> _Problem description_:
Copy each line below as written, but skip the pictures.

> _Data segment_:
[Start of section]
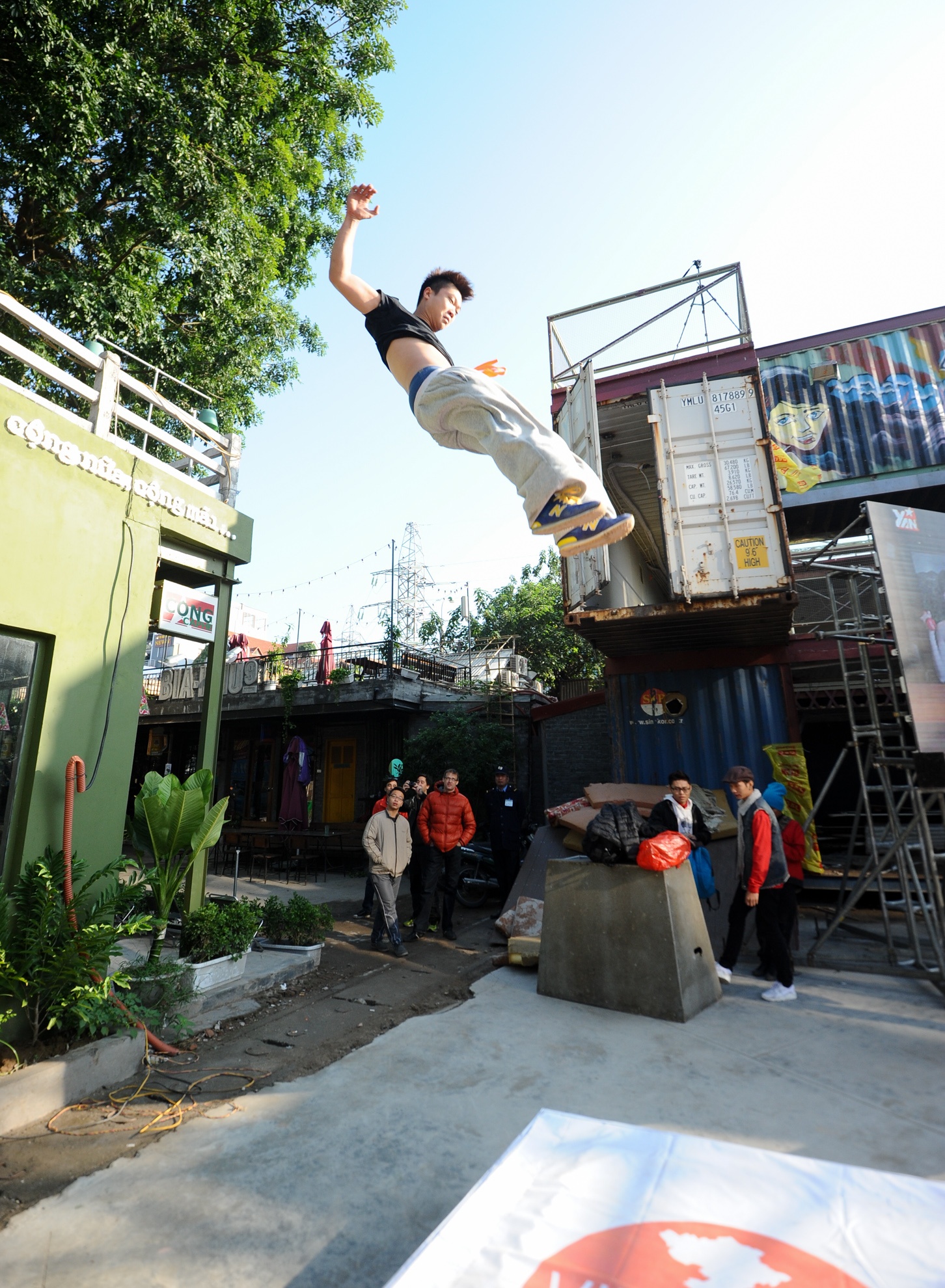 Đây là bộ môn nổi tiếng về khả năng vượt chướng ngại vật và những cú nhảy từ độ cao lên tới 4m.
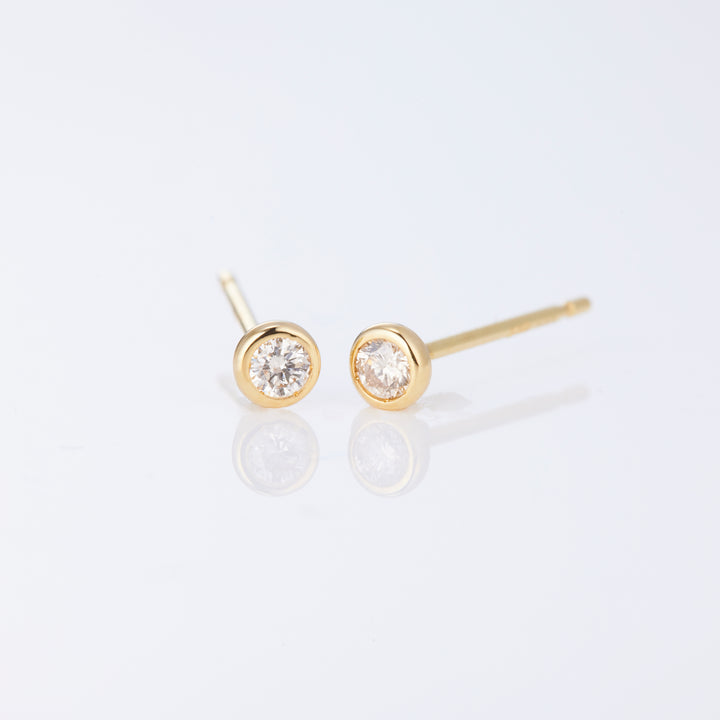 K18YG ベアトリス 1粒 ダイヤ ポストピアス（0.04ct)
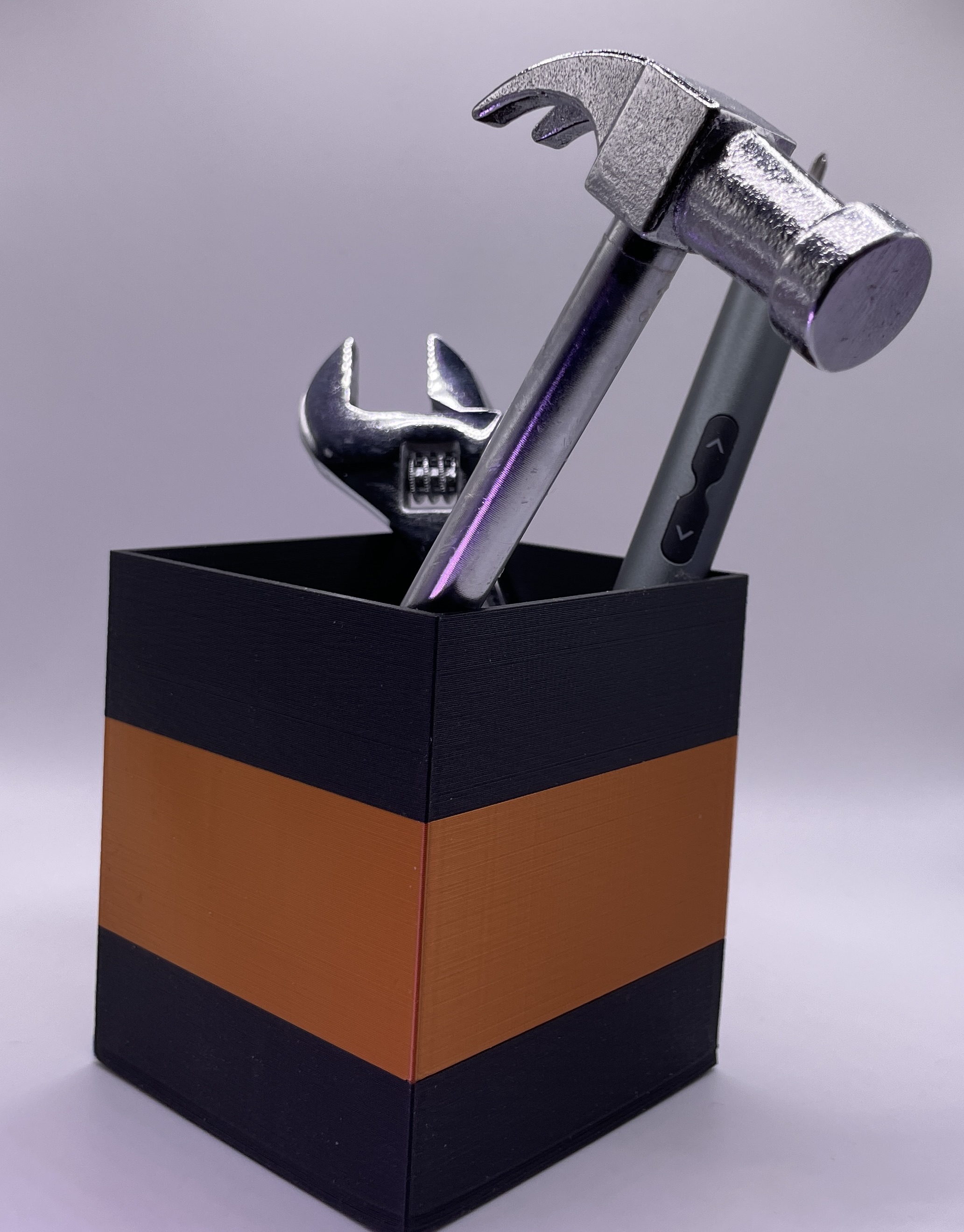 Miniatura 5 do modelo 3D Square-Shaped Vase/Holder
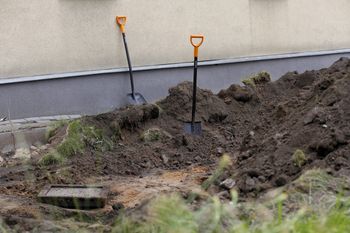 Chłopczyk zakopany żywcem. Matka i babcia przed sądem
[End of section]
> _Worked solution_:
 Đây là bộ môn nổi tiếng về khả năng vượt chướng ngại vật và những cú nhảy từ độ cao lên tới 4m.
 K18YG ベアトリス 1粒 ダイヤ ポストピアス（0.04ct)
 Miniatura 5 do modelo 3D Square-Shaped Vase/Holder
 Chłopczyk zakopany żywcem. Matka i babcia przed sądem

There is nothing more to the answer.